Enthusiasm for renewable energy generation was high. Frank van Mierlo, CEO of 1366 Technologies, a solar cell manufacturer chosen as one of the “New Energy Pioneers” presenting at the conference, said that in the next 12 months, the world will install 50 GW of solar — equivalent to the power demand of New York City. “By the end of this decade, solar will be cheaper than coal,” he asserted. “We’ll prove the naysayers wrong.”

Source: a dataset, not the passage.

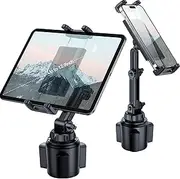 BOOMVATO Cup Holder Tablet Mount for Car, Universal iPad Cup Holder Mount for Truck with Adjustable Arm for iPad Pro 12.9/11/10.5/9.7/Air/Mini, iPhone, Samsung Galaxy Tab/Z Fold 4/3, 4.7-13" Tablets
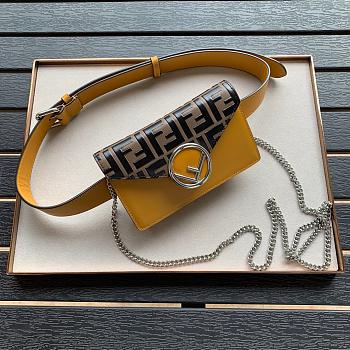 FENDI BELT BAG YELLOW 8BM005 SIZE 18 x 4 x 11 CM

Jenny Chase, a BNEF analyst, noted that solar photovoltaic (PV) power is growing more rapidly than BNEF expected. In 2009, the firm forecast that PV installations would grow from 8 GW a year to 20 GW in 2011, but that was too conservative. BNEF now thinks global installations will grow from 39.5 GW in 2013 to 55.1 GW in 2016. Costs have continued to fall, and utility-scale system costs are expected to decrease at least another 26 percent by 2020. Solar PV now provides 4.7 percent of electricity supply in Germany, 8 percent in Italy, 3.1 percent in Spain, 2.2 percent in California and 10 percent on Oahu, Hawaii, she said. The technology is already competitive with spot power market in Chile, Chase added.

U.S. Secretary of Energy Ernest Moniz emphasized the point, saying that “clean energy cost reduction has been an insufficiently told story” and ticking off a list of areas where the Department of Energy (DoE) is investing in energy transition with good results. He also hailed Hoboken, N.J., Mayor Dawn Zimmer’s plan to build resiliency by converting part of the city’s power grid to an islanding microgrid. Zimmer embarked on the plan after witnessing the devastation wrought by Superstorm Sandy in 2012, precisely as I predicted after the storm. Although the DoE is still officially supportive of efforts to develop next-generation nuclear plants and the as-yet-unrealized dream of small modular reactors (of which the leading developer just cut its investment program, citing a lack of investor interest), when Liebreich mentioned that China just made a big commitment to thorium reactors, Moniz simply quipped “I wish them well.”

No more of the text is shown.